Exceptional digital experiences do not happen by accident. They are built through strategy, and they require a quality toolset. Many organizations are unaware of the facets that make a good digital experience (and digital experience platform) great. We recently found that 69% of surveyed business decision-makers still struggle to address rising digital experience expectations and deliver engaging, seamless experiences. Digital experiences that influence and engage customers can be boiled down to the “A.E.I.O.U.’s”: agility, efficiency, integration, omnichannel, and user interface.

This article will break these components down and discuss:

1) how to ensure your digital experience captures all of the AEIOUs, and

2) why it’s essential to reach and influence customers and employees digitally right now.

Professionals Struggle to Deliver Digital Experience

Recently, we conducted a survey and found that 69% of surveyed business decision-makers still struggle to address rising digital experience expectations and deliver engaging, seamless experiences. This was a group of 551 senior decision makers from around the world, each involved in the planning, selection, and implementation of digital customer experience technologies. These were not disinterested parties, but the very people tasked with accomplishing this mission for their customers and organizations.
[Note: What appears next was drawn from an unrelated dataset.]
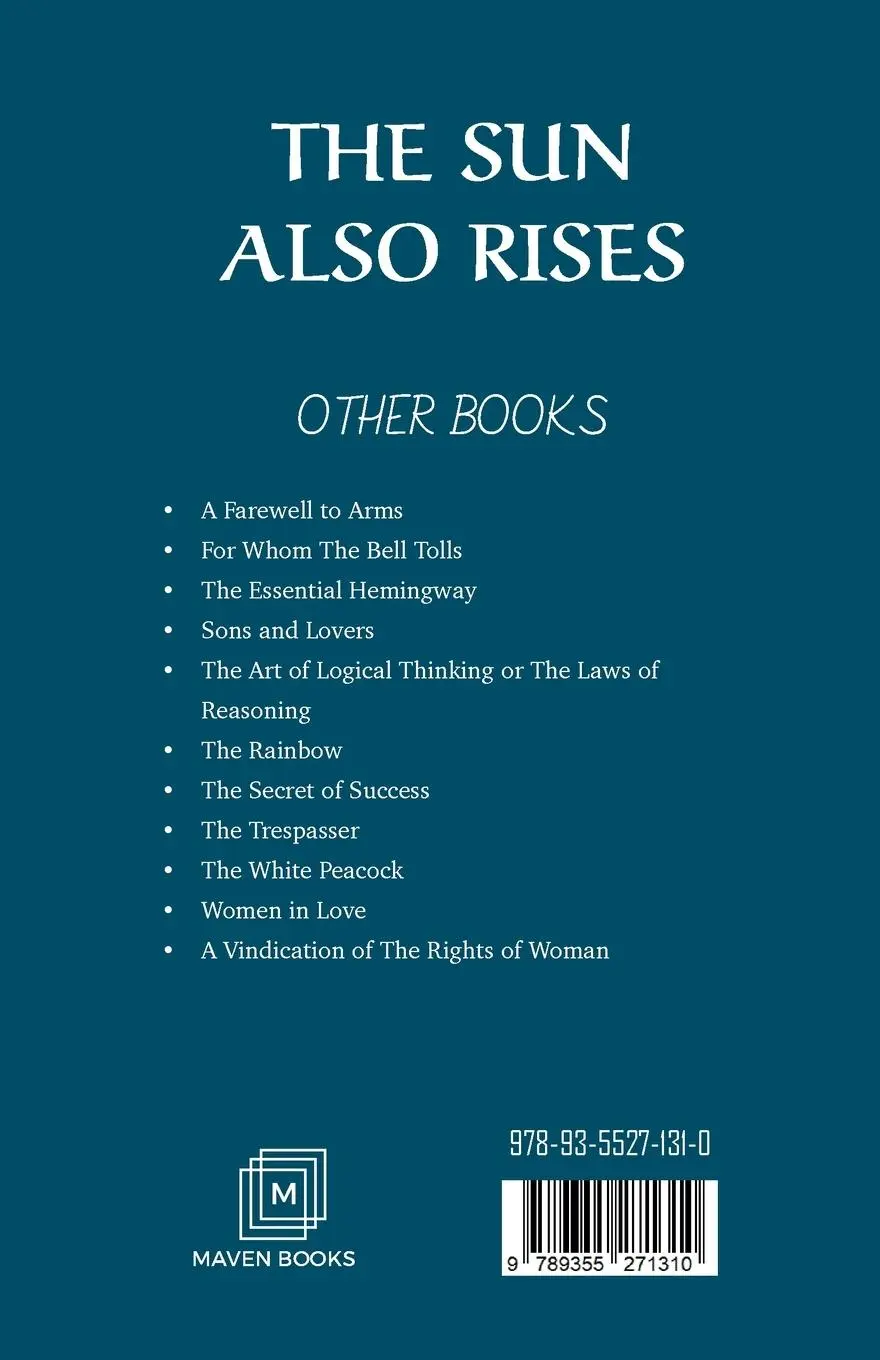 Rückseite: 9789355271310 | The sun also Rises | Ernest Hemingway | Taschenbuch | Englisch | 2023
Even with a mandate and a real desire to serve the highest quality digital experience to their customers and employees, these professionals fall short. Exceptional digital experiences do not happen by accident.

Success requires planning and execution. Digital experiences that influence and engage users consistently include thoughtful attention to five elements: agility, efficiency, integration, omnichannel presentation, and an intuitive user interface. To make these easier to remember, we’ll present them in this article as the A.E.I.O.U.’s of digital experience.

What Are the A.E.I.O.U.’S of Digital Experience

More important than the particular order of these principles is a recognition that is any successful implementation contains all five elements. Let’s begin.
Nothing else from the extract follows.